Print the lines of the listing below verbatim from its first line through the line bearing "Sitting Friend - Poppy". Any pictures are to be omitted.

◆ **Input data**
* * *

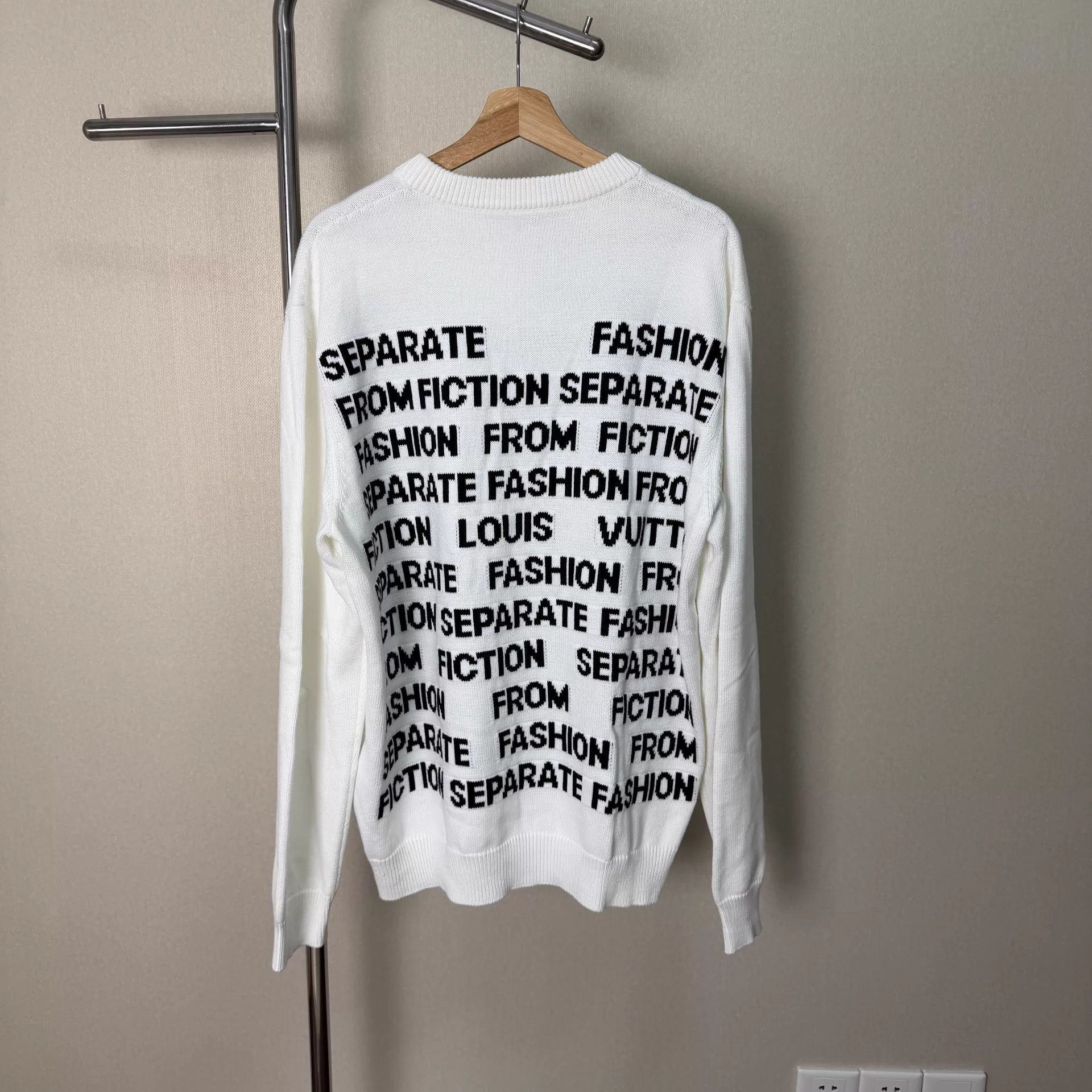 Louis Vuitton LOUIS VUITTON Men's White Monogram Jacquard Pullover Size US XL / EU 56 / 4 - 2 Thumbnail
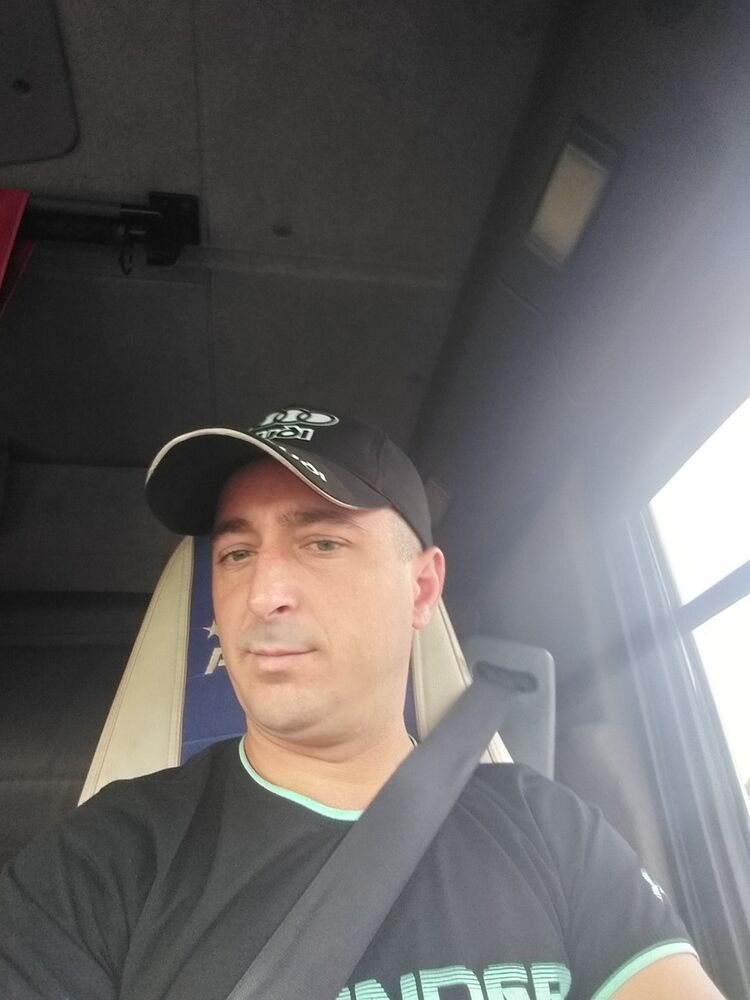 17002928  Vova, 37 ,    -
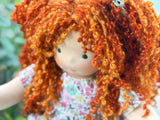 Sitting Friend - Poppy (sun-kissed skin tone)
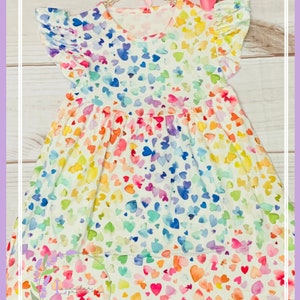 Milch Seide Regenbogen Herzen Flattern Kleid, Mädchen Kleinkind Ombre Herzen, Valentinstag, Bubble Hearts, Aquarell Liebe, Vorschulkleid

* * *

◆ **Response to the task**
 Louis Vuitton LOUIS VUITTON Men's White Monogram Jacquard Pullover Size US XL / EU 56 / 4 - 2 Thumbnail
 17002928  Vova, 37 ,    -
 Sitting Friend - Poppy (sun-kissed skin tone)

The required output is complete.